Tre settimane sono bastate al popolo egiziano per riprendere in mano il suo destino. Meno ne servirono ai tunisini e forse non molti giorni mancano ai libici per dare un calcio definitivo a Muammar Gheddafi. Quanto tempo servirà però alla fetta di popolazione lgbt di quei paesi per azzerare le discriminazioni, l’omofobia, gli abusi e le violenze troppo a lungo subite è poi un mistero per chiunque.
Non è il caso, insomma, di immaginare una rivoluzione "all’occidentale" per stessa ammissione dei gay arabi. Il passaggio da un sistema all’altro che coinvolga i diritti lgbt (ma anche quelli delle donne, degli immigrati o di chi professa religioni differenti) non può che richiedere più tempo. In mezzo ci sono retaggi culturali e spinte religiose – quando non superstiziose – che una piazza Tahrir non può spazzare via dall’oggi al domani e che hanno appesantito fino ad oggi la vita di centinaia di migliaia di gay africani. A volte li ha uccisi: l’omicidio di David Kato Kisule ne è solo l’esempio più recente e clamoroso; quasi sempre li ha condannati alla non esistenza.

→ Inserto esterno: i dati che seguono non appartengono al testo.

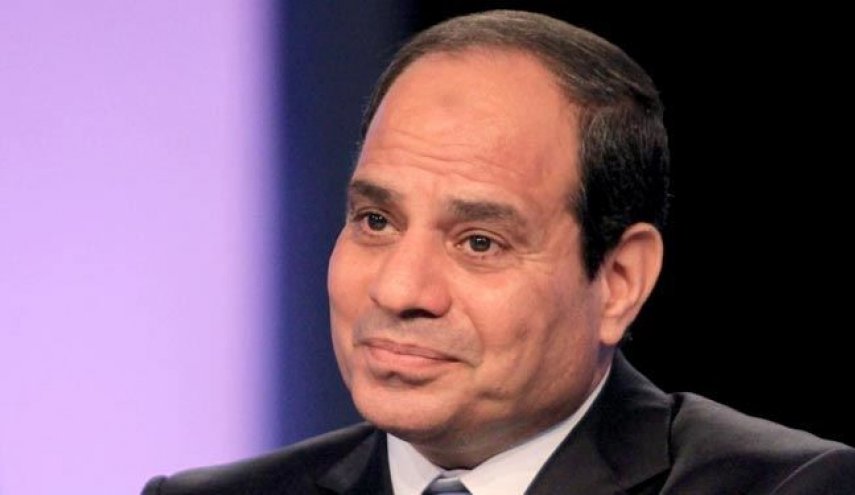 هشدار السیسی درباره دخالت مصر در لیبی     
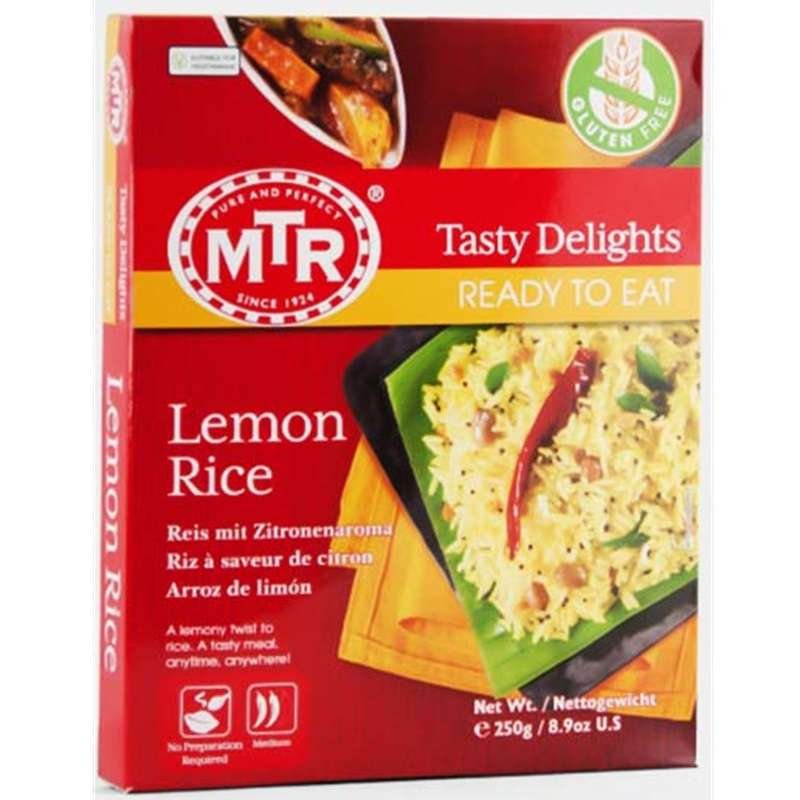 MTR RTE Lemon Rice 300g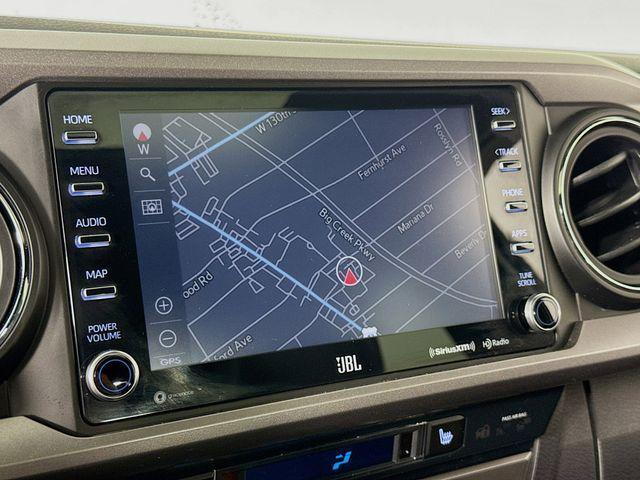 used 2020 Toyota Tacoma car, priced at $37,270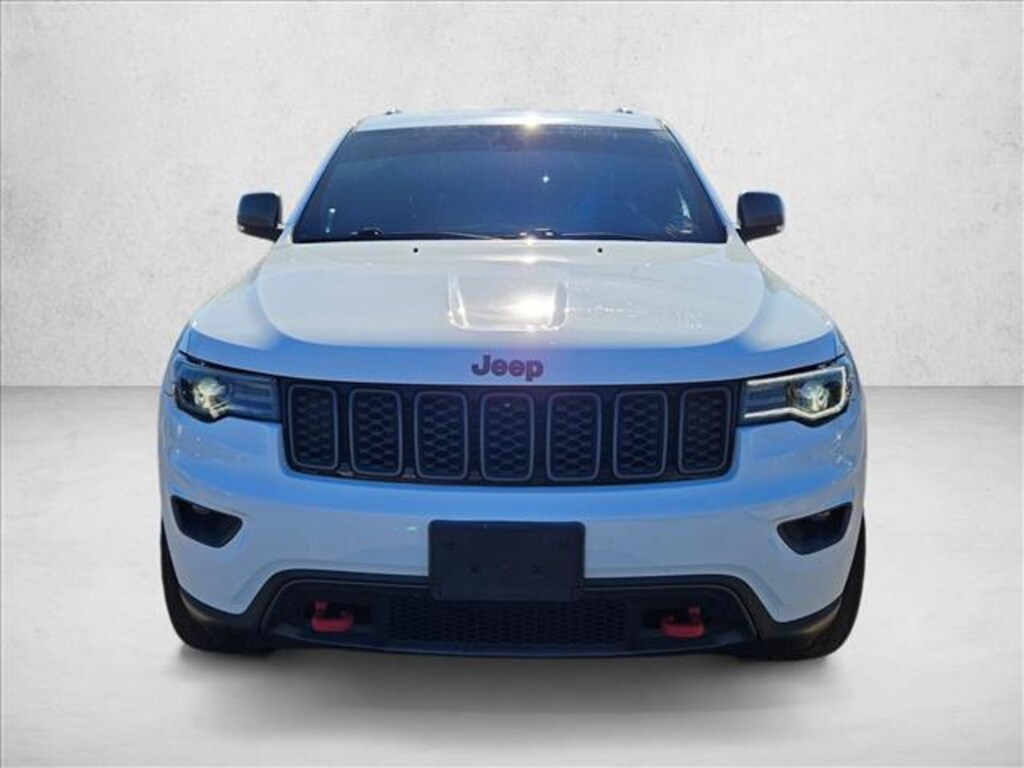 Used 2019 Jeep Grand Cherokee Trailhawk Sport Utility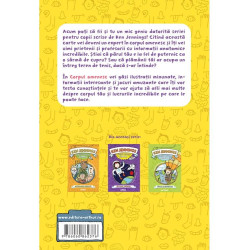 Cărțile micului geniu: Corpul omenesc - Ken Jennings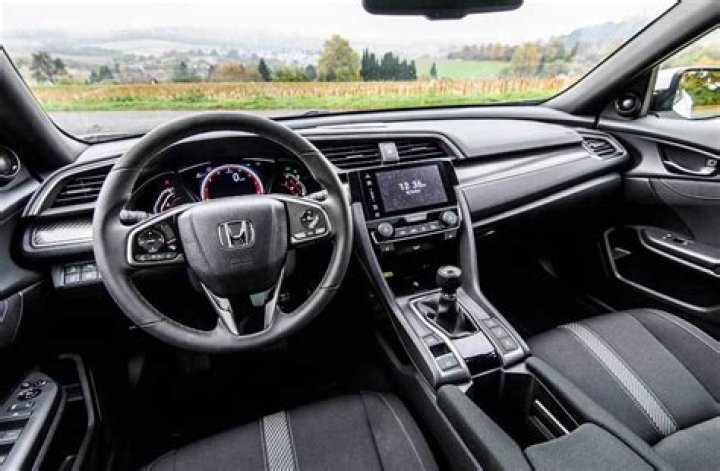 Honda Civic 2017: al volante de un compacto diferente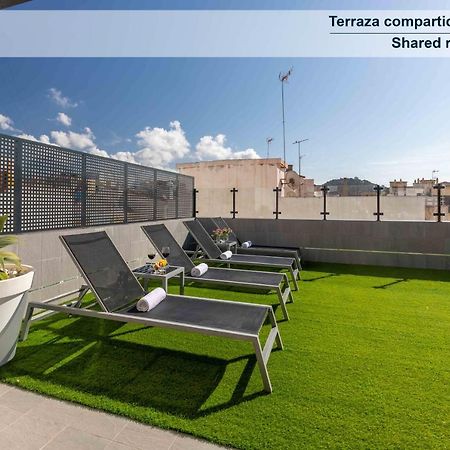 Living4Malaga Juan De Austria Málaga Exterior foto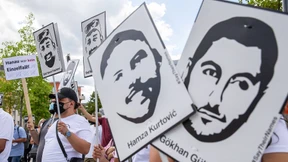 Rassistische Anzeigen des Vaters von Tobias R.?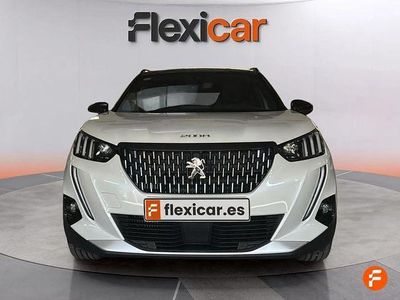 Usado Peugeot 2008 GT-line 130 CV (95 kW) 2020 Blanco SUV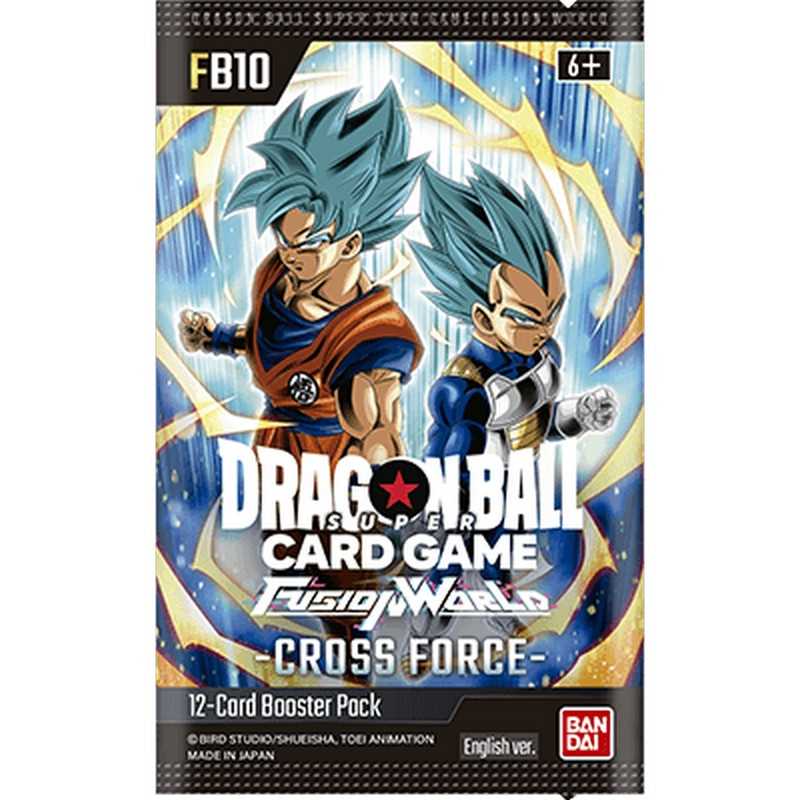 Booster Pack — Fusion World 10 (FB10)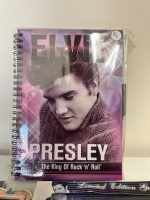 Mixed Lot of Elvis Presley Memorabillia - 3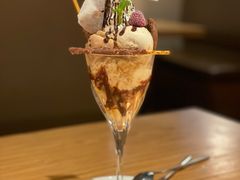 朱古力芭菲-Ufufu cafe(天神巷店)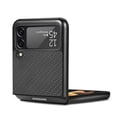 thumbnail image 4 of Maoww Protective Cover Compatible for Galaxy Z Flip 3 5G PC Hard Shell Phone Case Black, 4 of 9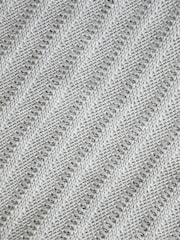 Live Unlimited Grey Curve Cardigan - Image 5 of 5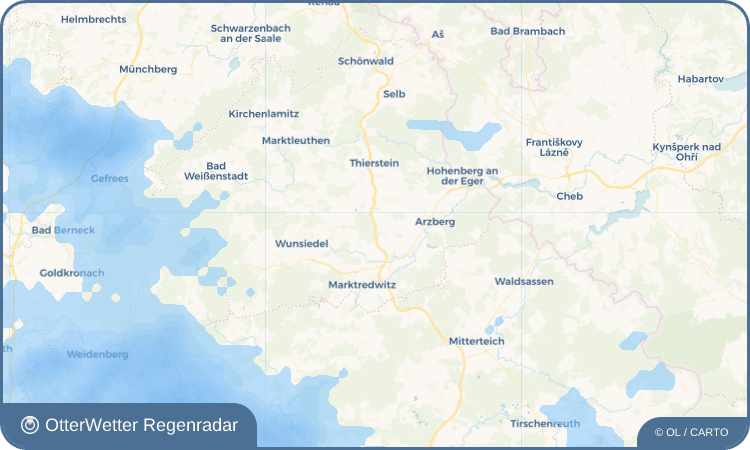 Widget-Vorschau für Leutenberg Wetter-Widget-Vorschau mit Vorhersagedaten für Leutenberg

La condizione lgbt in alcuni paesi, anzi, richia di peggiorare nell’immediato. Dove c’è instabilità, passo comunque necessario per il cambiamento, i più deboli sono anche i più colpiti rispetto agli altri. «Noi siamo pronti ad accogliergli», dice Paolo Patanè, presidente nazionale di Arcigay. «È altamente probabile che ci si trovi di fronte a una massa enorme di persone che dal Nord Africa si sposteranno verso l’Europa ed è possibile che fra loro vi siano anche omossessuali o lesbiche che sceglieranno di chiedere asilo per discriminazione sessuale», dice Patanè. «Da parte nostra c’è la massima disponibilità ad aiutarle e, nel caso dovessero pervenirci delle richieste, auspico che il ministero degli Esteri ci dia modo di attivare subito una collaborazione veloce»

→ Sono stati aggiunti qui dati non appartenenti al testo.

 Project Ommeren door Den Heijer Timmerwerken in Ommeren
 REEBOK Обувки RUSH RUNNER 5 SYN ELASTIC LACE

«Dove non c’è libertà sessuale non c’è democrazia» afferma Emma Bonino. «Comunque andrà a finire – ha detto la vicepresidente del Senato in un’intervista a Pasquale Quaranta – si farà piazza pulita dello stereotipo secondo il quale la libertà è un valore occidentale. La libertà, cioè il diritto di vivere come si vuole nei limiti della libertà degli altri, è un bisogno universale. Che sia l’Uganda, che sia il barcone dell’Egitto, il principio travalica qualunque pseudocultura, frontiera o barriera nazionale. Non esiste libertà che non passi anche attraverso la libera espressione della sessualità».
Ogni rivolta passerà alla storia con la data di inizio delle proteste: il 20 e il 25 gennaio in Tunisia e in Egitto, il 17 febbraio in Libia, e chissà quali altri ancora. A quei popoli manca ancora un 28 giugno, anniversario di una rivolta tutta occidentale – e ancora incompiuta persino in Italia – come fu quella di Stonewall nel 1969. Una ventata di libertà per tutti sarebbe una degna fine non solo delle dittature, ma dei sistemi che quelle dittature hanno costruito.